Diese Schmerzen, insbesondere in der Zahnarztpraxis, haben mich an das Schicksal von Versuchstieren erinnert. Man sitzt in diesem Stuhl, erwartet große Schmerzen, es scheint keinen Ausweg zu geben, und kein Ende. Müssen sich so oder so ähnlich nicht die Versuchstiere fühlen? Ein scheinbar sinnloser Schmerz, der völlige Verlust der Kontrolle über das, was da passiert. Um wie viel schrecklicher muss es dann noch sein, in einem winzigen Käfig zu sitzen, nur von unfreundlichen Menschen umgeben, die einem alle weh tun, die sich offenbar alle gegen einen verschworen haben! Und das Ganze nicht, weil der eigene Körper erkrankt ist, sondern weil andere irgendetwas wissen wollen, und man selbst dafür herhalten muss, als „minderwertiges“ Wesen!

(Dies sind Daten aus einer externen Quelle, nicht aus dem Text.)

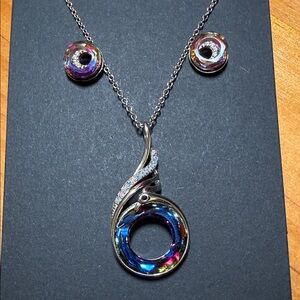 Iridescent Circle Phoenix Pendant Necklace with Earrings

Ich bin schon monatelang in einer winzigen Zelle gesessen. Auch das ist furchtbar. Aber dazu auch noch unerträglichen Schmerzen ausgeliefert zu sein, erhöht die Qualität der Katastrophe um eine ganze Dimension! Wie kann man da nicht gegen Tierversuche sein, nicht fordern, wenigstens möglichst strenge Kontrollen einzuführen, und für das erlaubte Schmerzausmaß eine Höchstgrenze einzuführen! Wie kann irgendjemand diesen so offensichtlich vernünftigen Mindestanforderungen an ein Tierversuchsgesetz widersprechen?

Viele von uns werden sich schon über Mäuse geärgert haben, wenn sie unsere Küchenvorräte essen, die Wärmeisolierung des Hauses zerstören und mit ihrem Kot selbst auf der Schneideplatte im Kochbereich ihre Spuren hinterlassen. Wer wünscht ihnen da nicht die Pest an den Hals? Doch bei unseren Tierversuchsaktionen habe ich auch eine tote Maus in der Hand gehalten, ihre feinen kleinen Finger betrachtet, die Augen, die Ohren, ihre Schnurrbarthaare. Was musste dieses Tier durchleiden? War es wie bei mir, auf dem Zahnarztstuhl, nur noch schlimmer, weil ohne mitfühlende Menschen in einem winzigen Käfig eingesperrt? Was empfindet so eine Maus, wenn sie im Rahmen eines LD-50 Tests so lange mit einer Substanz vergiftet wird, bis sie elendiglich stirbt? Wie kann irgendjemand einem anderen fühlenden Wesen so etwas antun, egal aus welchem Grund und egal zu welcher Tierart es gehört?

Ich nehme aus meinen Schmerzerfahrungen am Zahnarztstuhl die erhöhte Motivation mit, mich für Versuchstiere einzusetzen. Für mich bildet diese Erfahrung eine Brücke zu den Tieren in den Tierversuchslabors und ihrem Schicksal. Wir müssen es einfach schaffen, für diese Tiere einen echten Fortschritt zu erzielen, der ihre Situation wirklich verbessert. Deshalb möchte ich hier noch einmal an alle appellieren, mitzuhelfen und am Besten täglich ein Protestemail an Medien oder politisch Verantwortliche zu schicken. Wir dürfen unseren Druck nicht abschwächen, wir müssen dranbleiben, auch wenn sich die Sache in die Länge zieht. Für nächste und übernächste Woche haben wir bereits wieder eine Reihe von Aktionen geplant!

3 Gedanken zu “3 ½ Stunden auf dem Zahnarztstuhl

  1. Kann ich gut nachvollziehen, denn der massive Schmerz am eigenen Körper erlebt lässt erst wirklich erahnen, welches Leid es es für Versuchstiere bedeuten muss, ohne Aussicht auf Schmerzlinderung dahinzuvegetieren.

  2. Ich wünsche dir alles Gute, Martin.
    Ich hoffe, du bist mit dem `du´ einverstanden. Für mich gehörst du, und dein Team, in meinen inneren Kreis, große Wertschätzung, so groß, dass sie den Himmel berührt.

    Ja, etwas muss sich für die Tiere zum Besseren ändern… sehr zum Besseren ändern… das Bewusstsein der Menschen, so eine grauenhafte Gesellschaft und jeder Mensch bevor er nicht erwacht, trägt dasseinige beiträgt. “Vergib ihnen, denn sie wissen nicht was sie tun.”, sagte einmal ein Mensch, der weit über den Tellerrand hinaus geschaut hat, er war unserer Zeit weit voraus.

    Ich werde zu Allerseelen allen Tieren gedenken. In Liebe.